The main grounds for rejection of the application as per the appellants were as follows:

  1. The invention is not patentable under section 3(h) of the Act.
  2. It does not disclose the best ways of performing the same and suffers from insufficiency of disclosure under section 10(4) of the Act
  3. Lack of obviousness and inventive steps under section 2(1)(ja) of the Act.

Further, the appellants pointed out that the respondents had raised an objection under Sections 2(1)(j), i.e., lack of novelty, 2(1)(ja), i.e., lack of inventive steps,3(d) & 3(e), i.e., non-patentable invention, 3(h),i.e., method of agriculture and 10(4) i.e., lack of clear and sufficient disclosure, which were misconceived and untenable.

Counsel representing the respondents stated that the use of salt of OPP as a fungicide and biocide is well known to a skilled person, hence, there was a lack of inventive steps in the subject invention.

Also, the use of a reduced dosage of OPP, i.e., new use of a known substance cannot be considered as an invention under section 3(d) of the Act, he stated.

Respondents contended the appellant’s claim was contradictory and inconsistent.

After hearing the arguments, the court held, “ The Controller has misdirected himself in appreciating the invention and comparing them with reference to the prior arts without understanding and appreciating the teachings thereof.”

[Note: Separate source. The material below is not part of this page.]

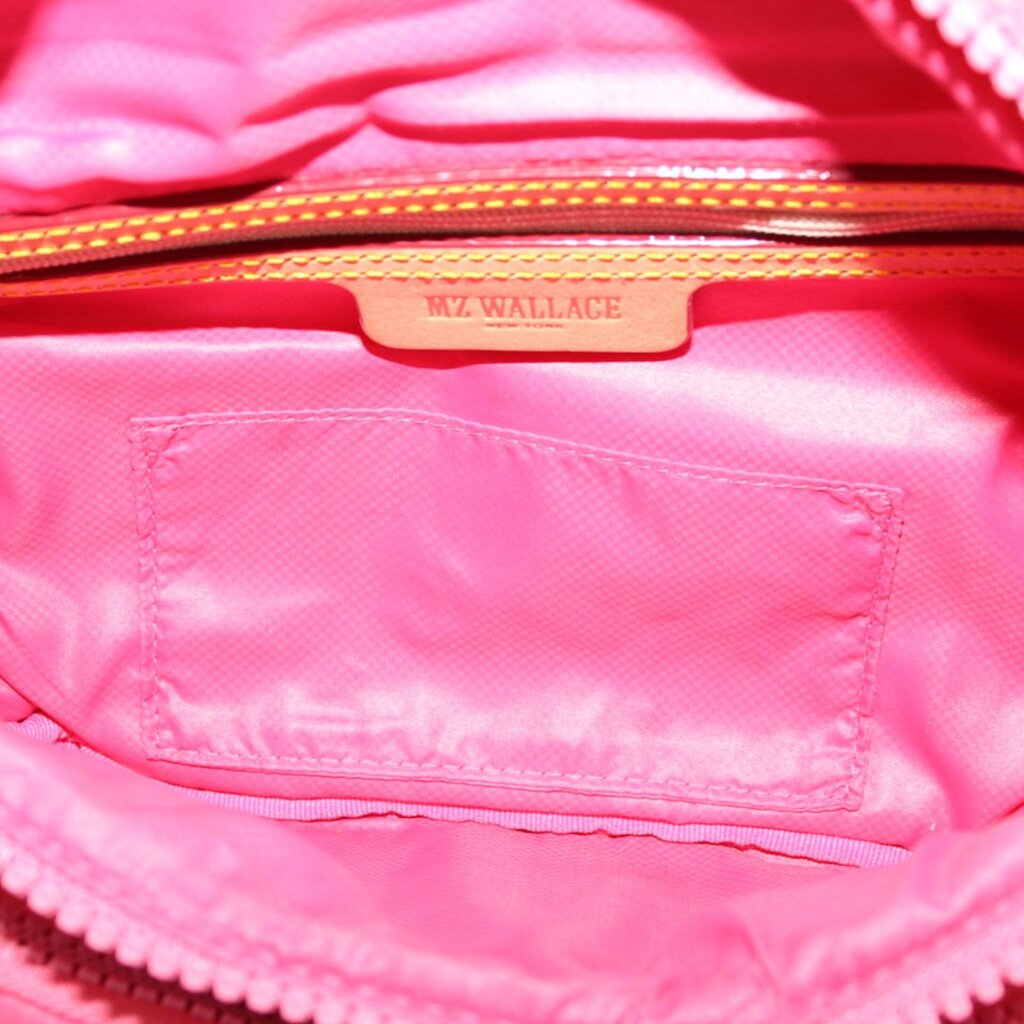 Pink interior of quilted sling belt bag with zip pocket and MY WALLACE tag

The bench relied on the case of Avery Dennison Corporation vs. Controller of Patents and Designs 2022 which talks about the tests for deciding inventive steps and said that the Controller has ignored the same in deciding the question of inventiveness.

“The subject patent lacked sufficiency of disclosure under section 10(4) of the Act, no adequate opportunity was afforded to the appellants. Significantly, at the hearing before the Controller there was no whisper about any objection concerning the disclosure being insufficient for not fully or particularly disclosing the adjuvants as recited in claims,” the court further added.

Accordingly, the bench set aside the order dated July 19, 2021.

Case Title: Decco Worldwide Post Harvest Holdings B.V & Anr. V The Controller of Patents and Designs & Anr.